Deadly traffic

Sometimes traffic just kills me. Tuesday driving home felt like trying to run in a swimming pool. Suffocating.

I left work about five. Normally it takes me a half hour, but I had a feeling it would be worse that day, so I took a different route. Back roads. Because I am so clever.

But the new route was not only as obstructed as the first, it was also more obstructed. And, it not being my normal route home, I was easily disoriented. Flustered, and trying to make my way back to the main highway, I began following cars that looked like they were commuting somewhere. SUVs and Toyota Camrys; these are, by and large, the vehicles of the American workforce.

This was a good idea (I am clever!) because it took me back toward the interstate, where at least I would not be helplessly lost. But it was also a bad idea (Rats!) because if your navigational method is to follow the traffic, odds are you are going to find what you follow. So I was stuck behind a column of environmentally unfriendly cars, all of which were blowing hot gasses out their back ends. It was hot. My car hasn’t any air conditioning. My choices were to choke on hot, dirty air with the windows closed, or to choke on the same air with the windows open. I couldn’t make up my mind.

After twenty minutes (and the discovery that the entire hold-up was being caused by a needlessly-placed stop-sign), I was back on the highway, one mile north of where I had gotten off to take my shortcut.

Finally things started moving again, and since I was focused on my second listen through of “Easy Italian: Learn in Your Car” I didn’t feel too upset. Traffic is the kind of thing that makes you angry by making you angry, and the only way to beat it is to not play along.

Fine. I don’t care. Let’s just sit here… I’ve got plenty to do; CDs, radio, reading materials. I’ll just put my seat back and relax, you tell me when you’re ready to get going again, ‘kay?

These are the kinds of things you should make traffic believe you are thinking. It only wants you to be unhappy, that’s all, if it can’t have that, it will leave you alone.

So, now about five minutes from my house, the highway started hardening up again; I could see brightened brake lights a half mile away, and though I had little more than that to go until my exit, I knew even that short distance could become eternal. Now on my own stomping grounds and confident of my ability to navigate the back-streets and their boys, I hopped off at the first ramp. University Avenue, that anti-interstate, would get me home faster than any unbroken stretch of constipated highway could.

But then University was jammed, too. But this time, not with commuters. About three blocks up there was a small constellation of police cars and fire-trucks, all grouped together on the overpass. They blocked off traffic coming from the other direction, and things on my side were beginning to get bad, too (fortunately I was turning off right away). But as I was turning, I slowed and tried to see what all the activity was about; there were no overturned cars, no fires, no traffic stops.

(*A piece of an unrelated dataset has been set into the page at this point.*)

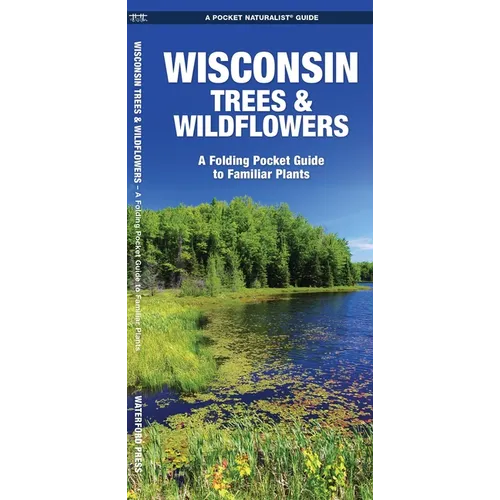 Wisconsin Trees & Wildflowers: A Folding Pocket Guide to Familiar Plants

There, on the other side of the overpass railing, holding on with his arms spread behind him, was a man who appeared ready to commit suicide. He was chubby, with an un-tucked black shirt and some kind of bag or backpack hanging down in front of him.

It was about 5:45 on a Tuesday in September, and while I was on my way home to have dinner with my girlfriend, this person was staring down at 50 feet of air and three inches of concrete.

“I drive by that overpass every day,” I thought. “He is committing suicide on a place that has no importance to me.”

I couldn’t bear the thought that this person’s self-imposed death (if it came) would not matter to me. I thought of all the people that kill themselves every day. They jump from bridges. They overdose. They do things.

Do those deaths matter to me?

What if every one of them did it on the University Avenue overpass I drive by every day? What if every time I avoided highway traffic by taking that shortcut there was another jumper right there, in the same spot?

There was a police officer standing behind him, about ten feet away, talking to him. The officer had his hands clasped firmly behind his back; I’m not going to touch you, I imagined him saying. I just want to talk.

It was just a second, I couldn’t see much. I had to turn; there were cars behind me. There was no more traffic. These were neighborhood streets. My neighborhood. I couldn’t get lost. I was home in two minutes.

Ten minutes later I had changed out of my work clothes and was beginning to make dinner. Soon after that I was outside, checking the vegetable garden. How long since I had driven by the overpass?

And now, as I examined the clusters of little ripening things, was he still perched there, telling the hands-behind-his-back cop not to get any closer? I’m not going to touch you, he says, inching closer, as the paramedics try to close off the highway below, thinking of ways to save this man’s life.